ITS containers and lorries are familiar sights in East Anglia - but now a Thetford recycling firm is collecting waste from a little further afield. Pearsons has just taken its first shipment - literally - of rubbish from the Antarctic, having been awarded a contract to recycle waste carried about 10,000 miles from British Antarctic Survey stations.

After being carried from the Antarctic in containers on board the research ship Ernest Shackleton, three truckloads of material - including paper, cardboard, plastic, aluminium, steel, glass, fabric, fluorescent tubes and electrical goods - were picked up at Grimsby docks by Pearsons and brought to Thetford.

“We pride ourselves on being able to handle just about anything, but recycling waste from Antarctica is unusual, even for us,” said Jo Pearson, managing director of Pearsons. “But although it's certainly our most unusual contract, it makes sense because the boats are coming back anyway, and the containerised waste is easy for us to deal with.”

Rod Downie, environmental manager at the BAS, said: “We were impressed with Pearsons because they really engaged with us and seemed genuinely interested in what we are doing in the Antarctic.

“We have a legal requirement to recycle and we are committed to it, but the very nature of our work means that our people are naturally into this kind of thing, so it has been very easy to implement.”

Waste from the stations that cannot be recycled is offloaded in the Falkland Islands en route to the UK. Apart from sewage, everything else is brought back to Britain.

“We have made checks, and bringing the containers back on the ship does not require more fuel, so there is no cost to the environment,” said Mr Downie.

BAS is the UK's national Antarctic operator, running nine research programmes and operating five research stations, two research ships and five aircraft in and around Antarctica.
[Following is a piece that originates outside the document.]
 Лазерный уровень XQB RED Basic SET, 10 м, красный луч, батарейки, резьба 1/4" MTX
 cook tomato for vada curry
The survey's stations include Halley, Rothera and Signy in the Antarctic, and Bird Island and King Edward Point on South Georgia.
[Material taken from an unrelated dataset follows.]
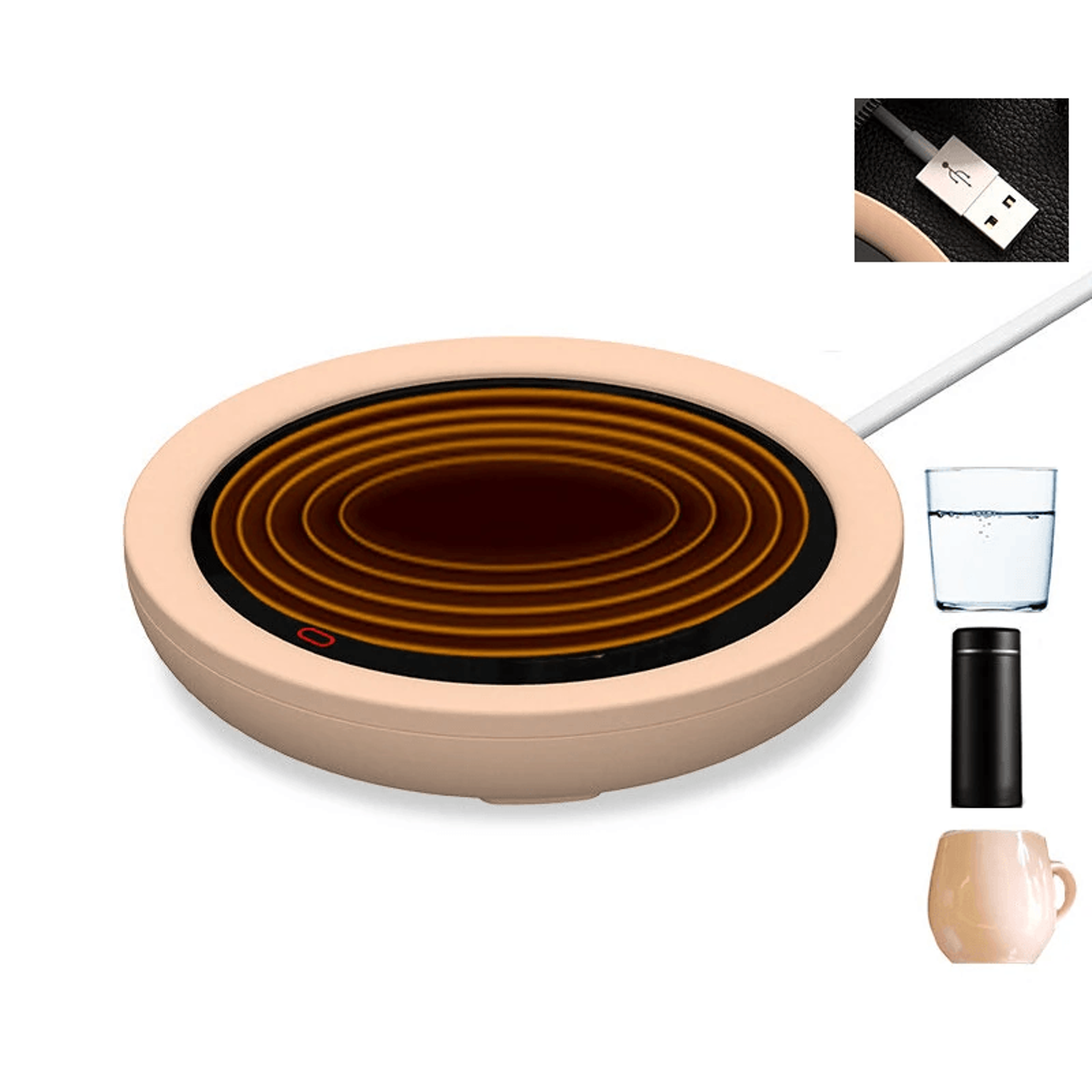 usb electric cup warmer heating pad for coffee tea and milk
During the current Antarctic winter, the survey has about 50 staff stationed at four of the bases (Signy is only manned during the summer). Its work includes studying the effect of climate change both today and in years gone by.

Back in Norfolk, Pearsons employs 90 people and has annual sales of more than £8m, providing skip and recycling services to businesses, farms and homes across East Anglia, as well as in the Antarctic.